Image-caption web data:
= = = =

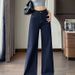 Denim Dark Blue Wide-Leg Jeans For Women, Autumn And Winter New Style, Draped Slim Fit, Versatile Retro High-Waisted_ecoleips.com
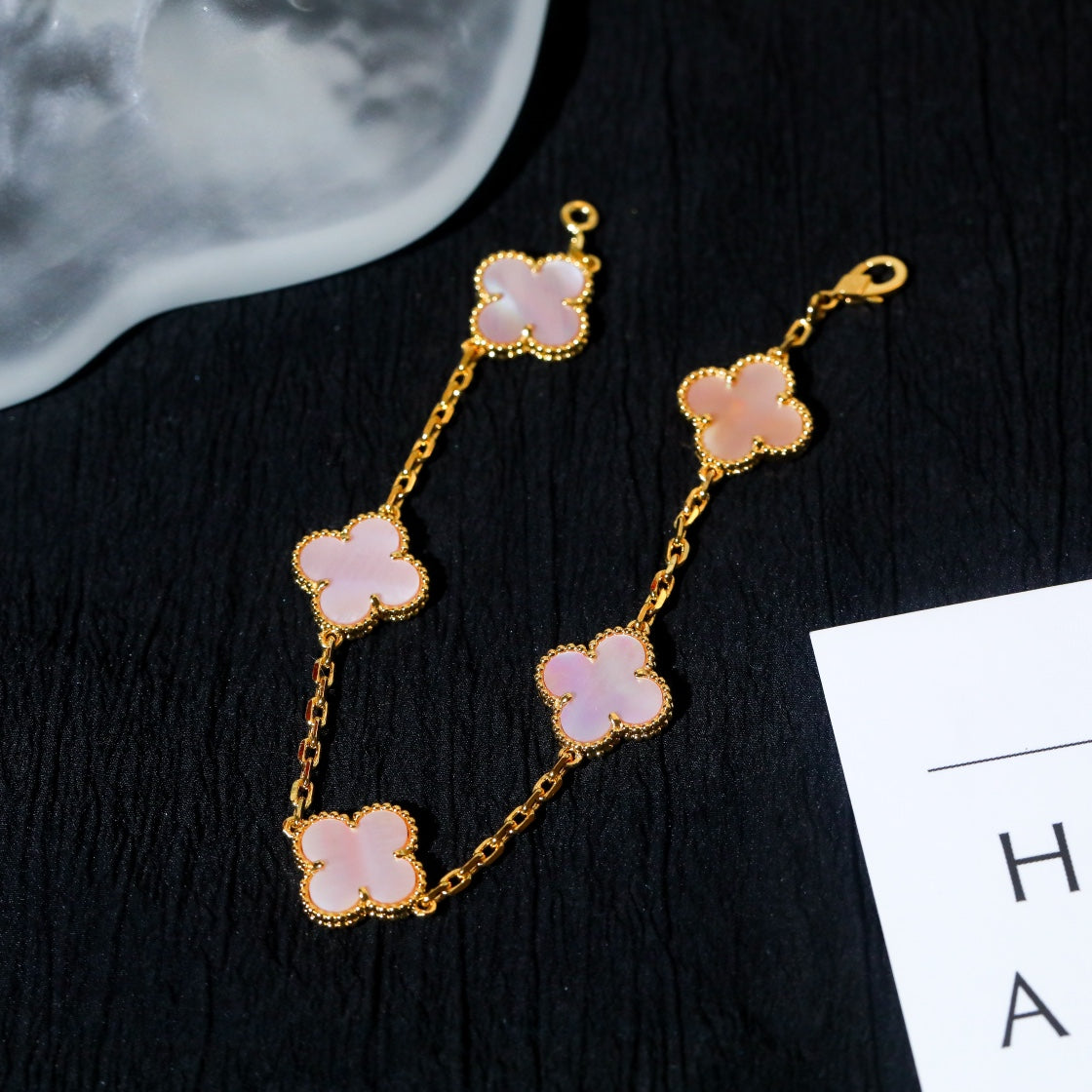 Van Cleef & Arpels CLOVER 5 PINK MOP GOLD BRACELET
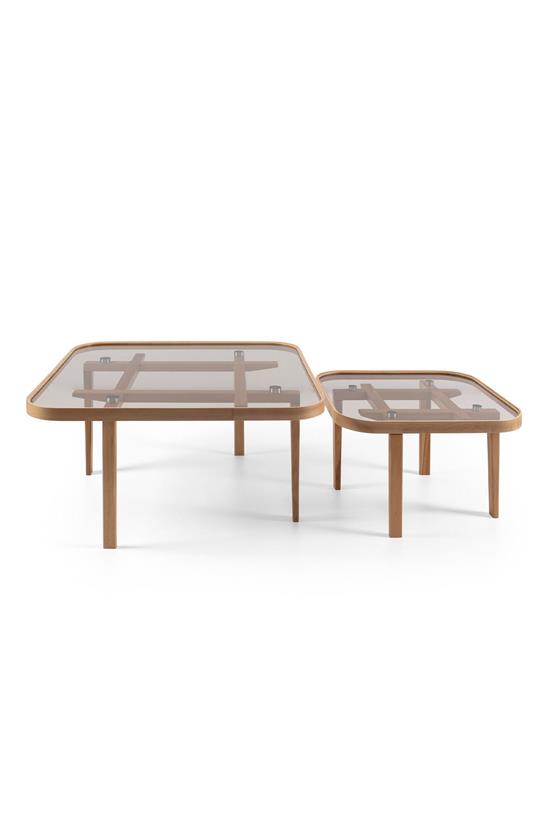 Eymense Soft Meşe Yan Sehpalı İkili Orta Sehpa Meşe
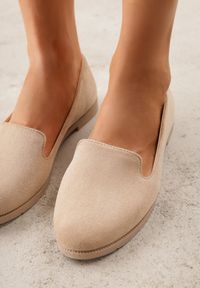 Born2be - Ciemnobeżowe Balerinki w Stylu Mokasynów Semirae. Okazja: na spacer, na co dzień, na spotkanie biznesowe, do pracy. Kolor: beżowy. Materiał: jeans. Styl: casual, biznesowy, elegancki, klasyczny #6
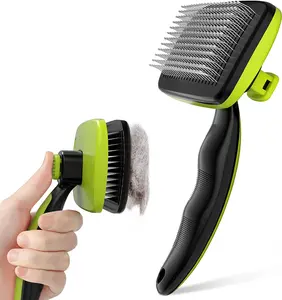Pecute Self-Cleaning Slicker Brush for Dogs, Cats, Lightweight Dog Brush for Shedding Massaging Grooming, Cat Brush Gently Removes Loose Fur Undercoat for Small Dogs Cats Rabbits of All Hair Types Pecute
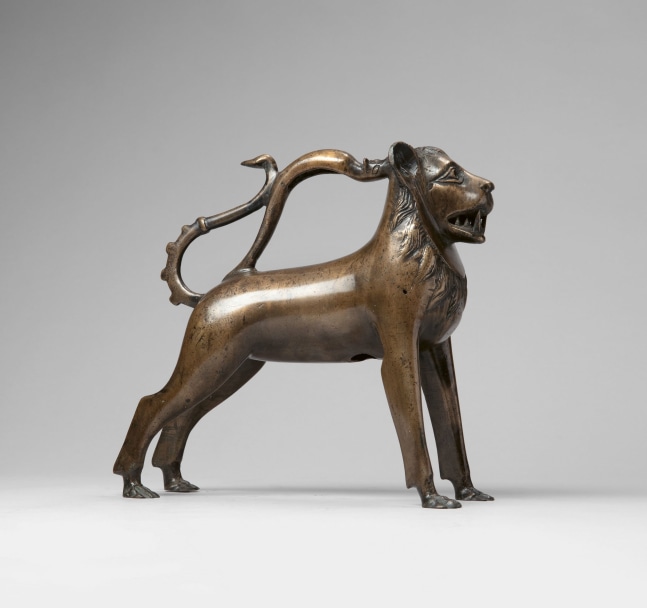 Aquamanile in the form of a lion, c. 1350
Germany, Nuremberg
Hollow cast copper alloy
10 1/2 x 10 x 4 1/4 inches
(26.7 x 25.4 x 10.9 cm)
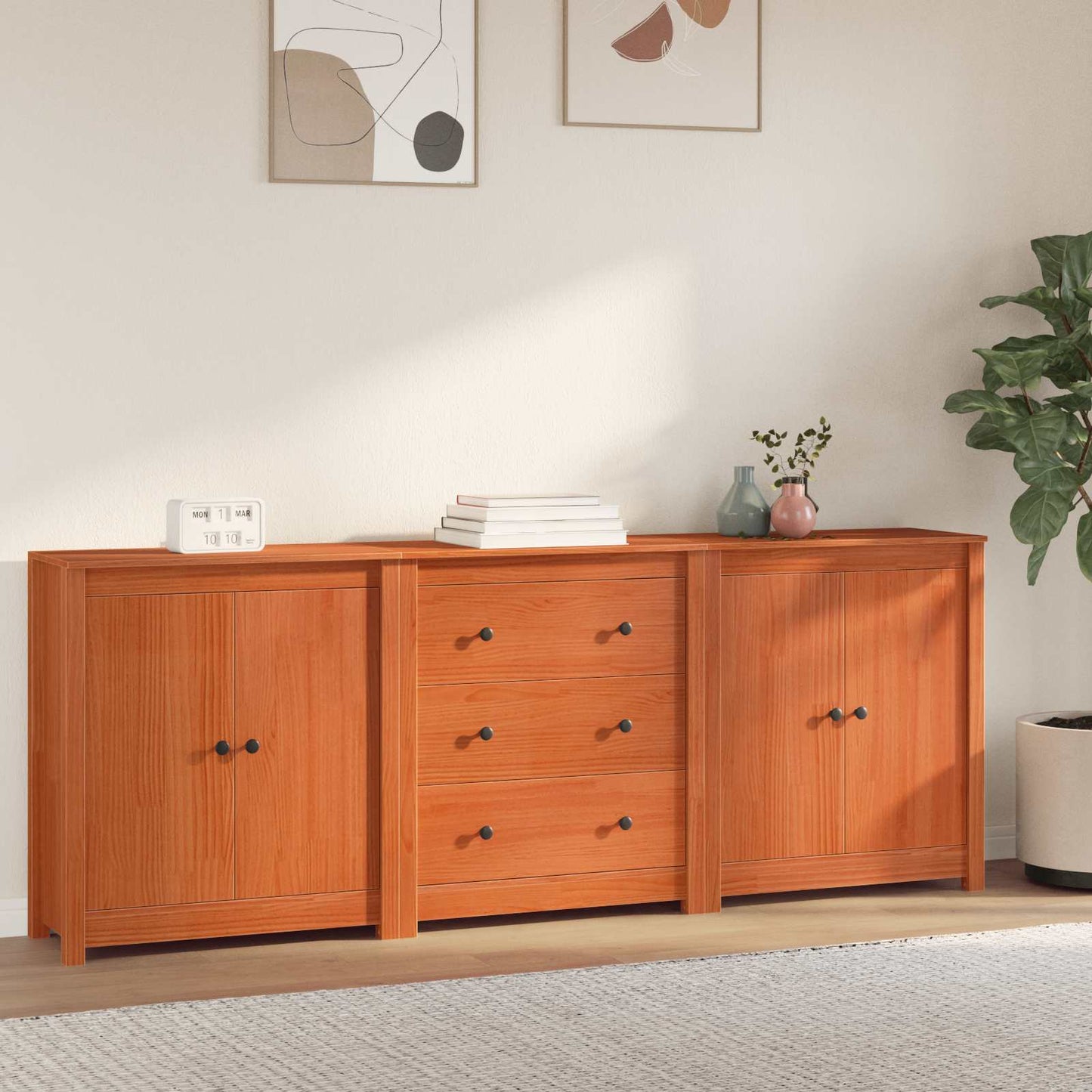 Sideboard 3 stk. VoksBrun 210 x 35 x 80 cm Massivt fyrretræ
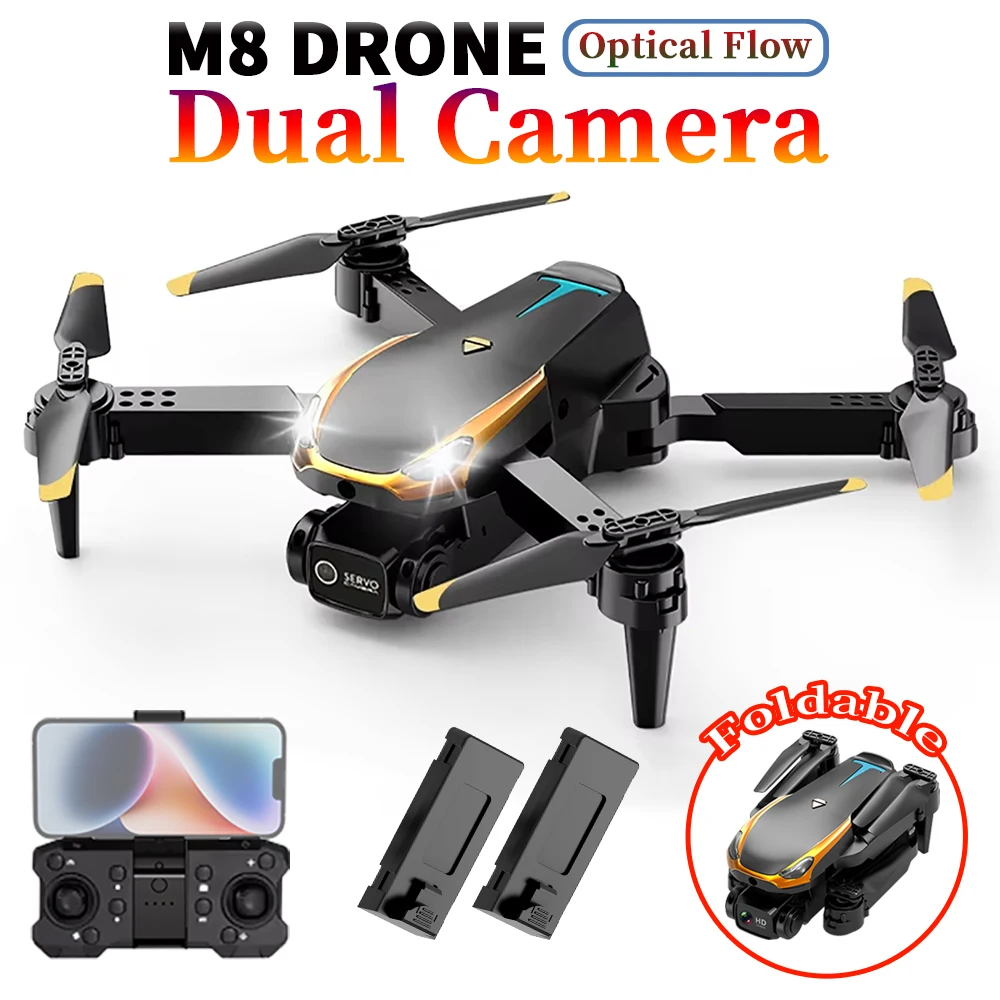 M8 Dual Camera Drone Toys Drone with 2 Batterys, Intelligent Obstacle Avoidance, Optical Flow, HD Camera, 360-degree rolling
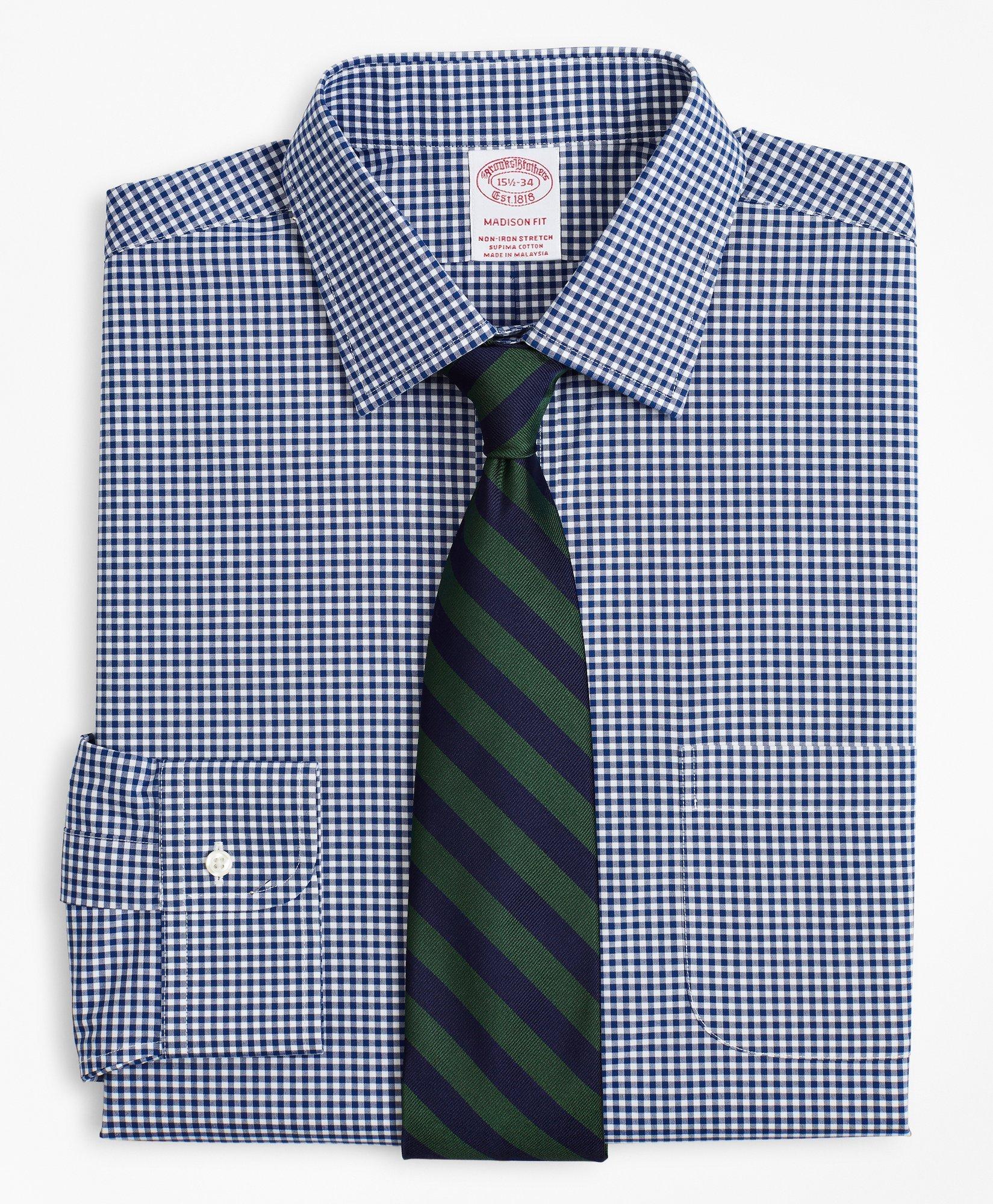 Stretch Madison Relaxed-Fit Dress Shirt, Non-Iron Poplin Ainsley Collar  Gingham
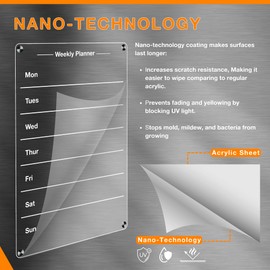 2 Pieces Magnetic Acrylic Fridge Boards (9x13") - Set of Weekly Planner & Clear Board with Scratch Resistant Nano Film Technology, Markers, Magnetic Case, Cleaning Cloth, Silicone, & Hook. SPLANDIN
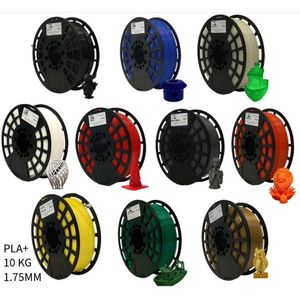 PLA+ 10KG Voordeelpakket 3D Printer Filament 1.75 mm - Hoge Kwaliteit en Duurzaam - Compatibel met Creality, Bambu Lab, Esun en Meer - Perfect voor Prototypes, Modellen en Accessoires - Professioneel en Thuisgebruik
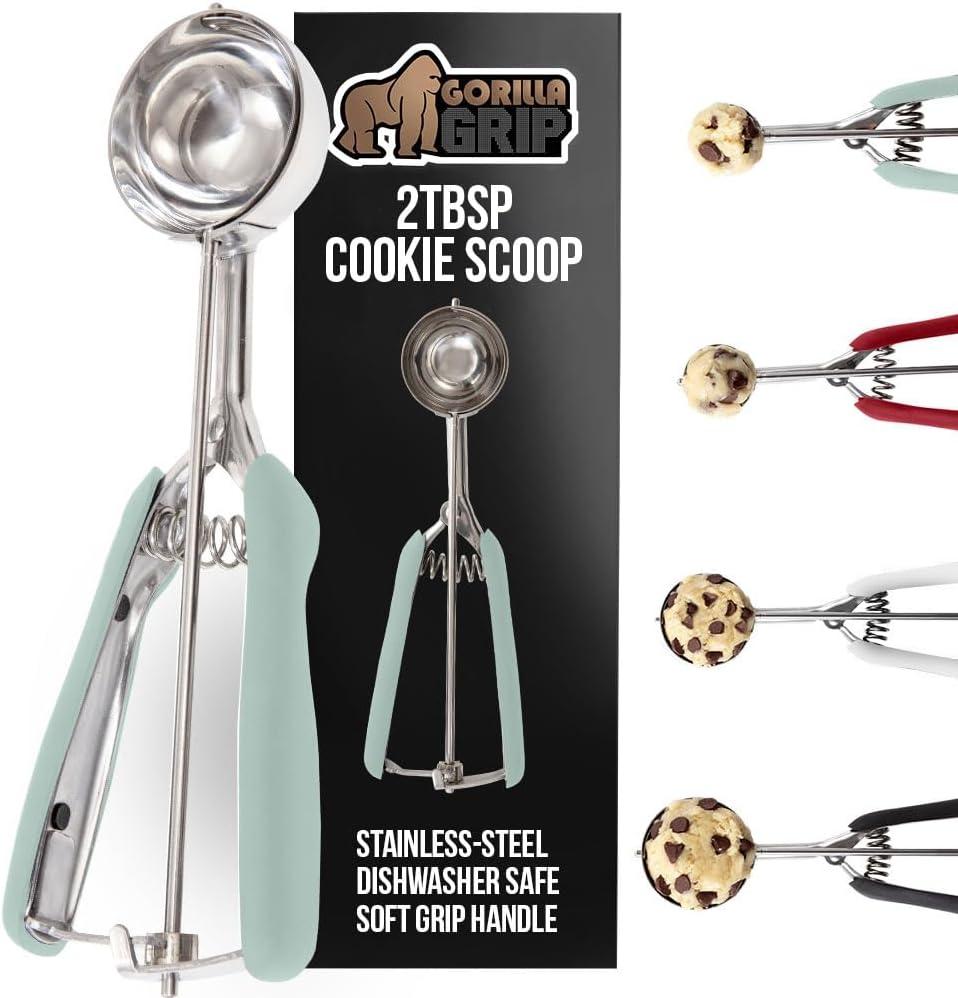 imageGORILLA GRIP BPAFree Stainless Steel Cookie Scoop 1 TBSP Scooper 60 Soft Grip Handle Easy Food Release Create Even Portion Sizes Multipurpose Kitchen Melon Baller Meatball Spring Scoops BlackMint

= = = =

* _Your goal_:
Retype, exactly as written, each line from the one containing "M8 Dual Camera" through the end of the data above, and leave out every picture.

* _Output of the task_:
 M8 Dual Camera Drone Toys Drone with 2 Batterys, Intelligent Obstacle Avoidance, Optical Flow, HD Camera, 360-degree rolling
 Stretch Madison Relaxed-Fit Dress Shirt, Non-Iron Poplin Ainsley Collar  Gingham
 2 Pieces Magnetic Acrylic Fridge Boards (9x13") - Set of Weekly Planner & Clear Board with Scratch Resistant Nano Film Technology, Markers, Magnetic Case, Cleaning Cloth, Silicone, & Hook. SPLANDIN
 PLA+ 10KG Voordeelpakket 3D Printer Filament 1.75 mm - Hoge Kwaliteit en Duurzaam - Compatibel met Creality, Bambu Lab, Esun en Meer - Perfect voor Prototypes, Modellen en Accessoires - Professioneel en Thuisgebruik
 imageGORILLA GRIP BPAFree Stainless Steel Cookie Scoop 1 TBSP Scooper 60 Soft Grip Handle Easy Food Release Create Even Portion Sizes Multipurpose Kitchen Melon Baller Meatball Spring Scoops BlackMint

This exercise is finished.